WHAT THE TASK REQUIRES → Only the stretch below from the line holding "大片牛肉骨汤牛肉面-西部马华清真兰州牛肉面·烧烤夜市(三里河店)" through the line holding "夕暮れ時の山のシルエット" should be restated, word for word and with both ends included; pictures stay out.

##### EXERCISE DATA #####

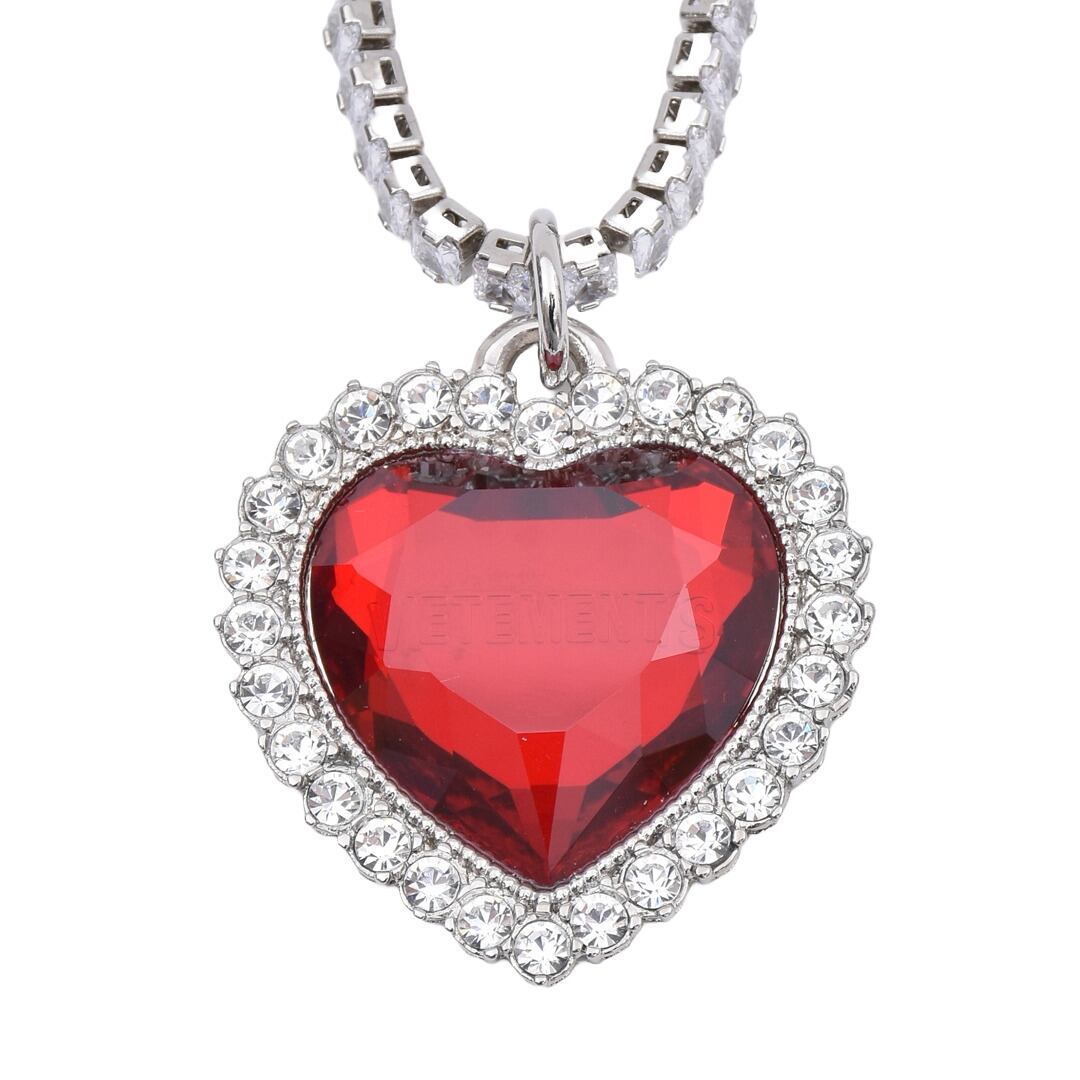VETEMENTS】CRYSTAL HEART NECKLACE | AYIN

#####
##### EXERCISE DATA #####

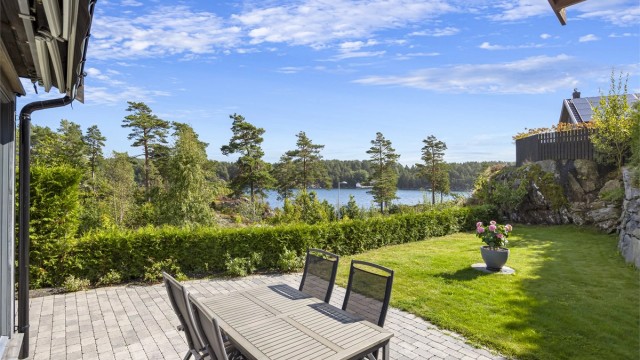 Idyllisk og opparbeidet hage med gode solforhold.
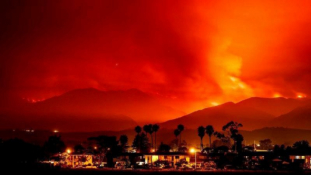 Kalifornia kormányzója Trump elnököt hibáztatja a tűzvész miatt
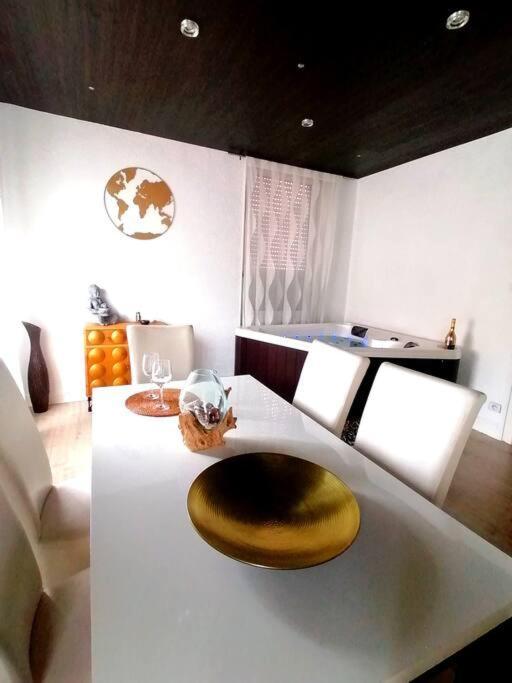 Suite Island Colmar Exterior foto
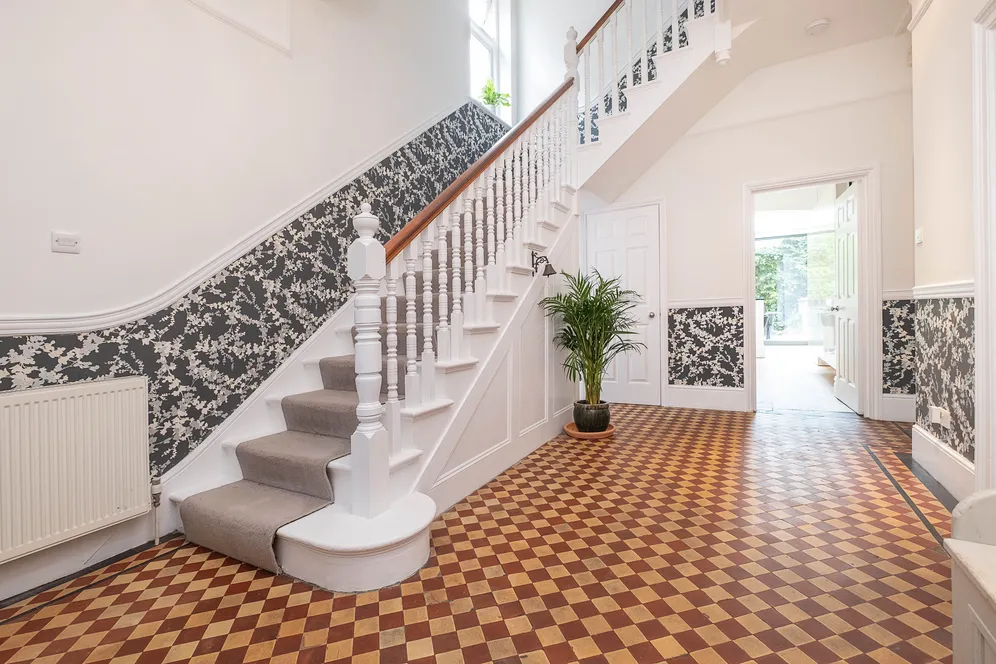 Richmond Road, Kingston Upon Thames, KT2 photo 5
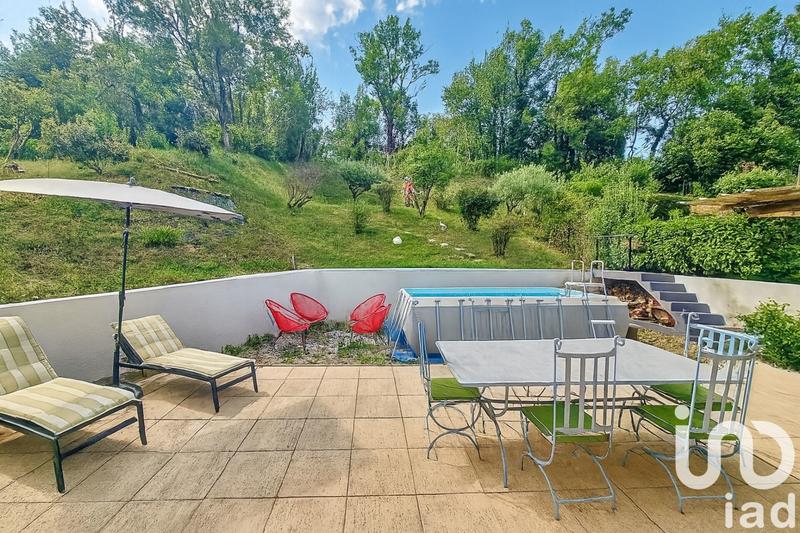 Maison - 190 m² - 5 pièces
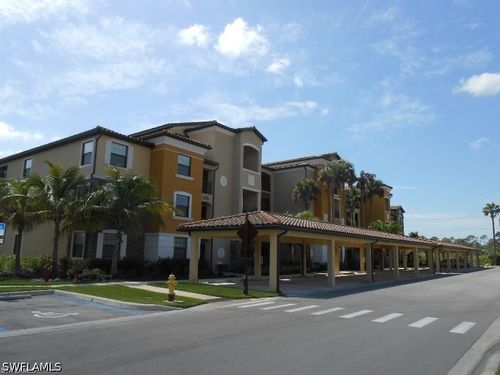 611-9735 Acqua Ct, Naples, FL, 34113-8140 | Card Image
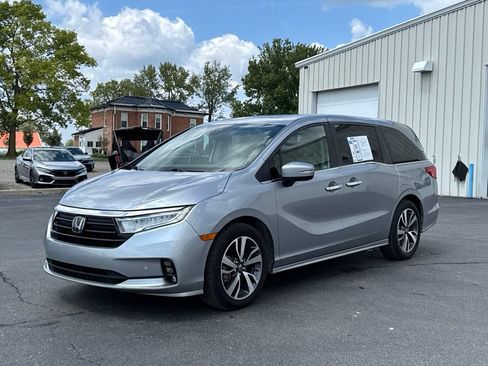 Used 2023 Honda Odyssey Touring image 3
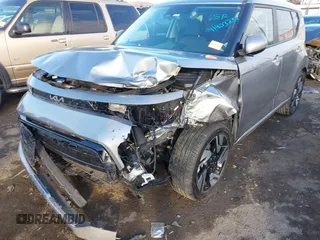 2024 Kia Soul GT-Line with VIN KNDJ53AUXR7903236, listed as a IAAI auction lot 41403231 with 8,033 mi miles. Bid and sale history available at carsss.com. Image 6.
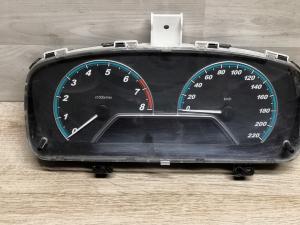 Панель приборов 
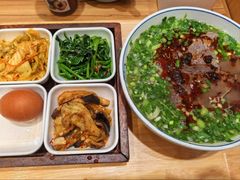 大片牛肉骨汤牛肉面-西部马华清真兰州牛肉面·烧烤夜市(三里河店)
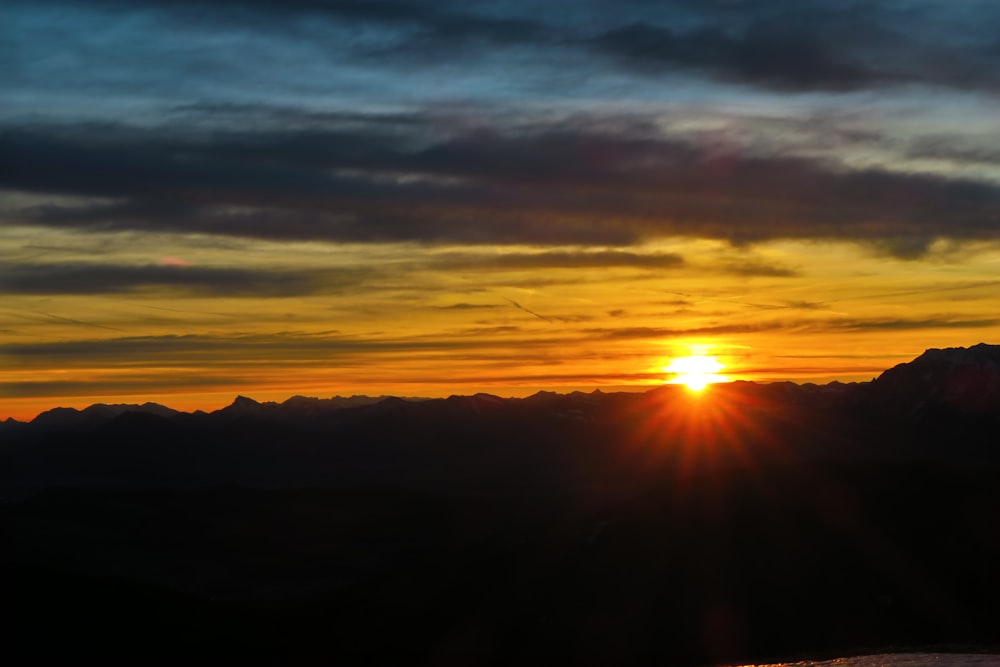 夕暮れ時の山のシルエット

#####
##### EXERCISE DATA #####

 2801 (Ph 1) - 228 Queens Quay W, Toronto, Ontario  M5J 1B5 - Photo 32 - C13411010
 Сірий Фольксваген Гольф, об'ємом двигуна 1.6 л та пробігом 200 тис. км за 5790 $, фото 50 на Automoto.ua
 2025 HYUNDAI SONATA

#####

ANSWER →
 大片牛肉骨汤牛肉面-西部马华清真兰州牛肉面·烧烤夜市(三里河店)
 夕暮れ時の山のシルエット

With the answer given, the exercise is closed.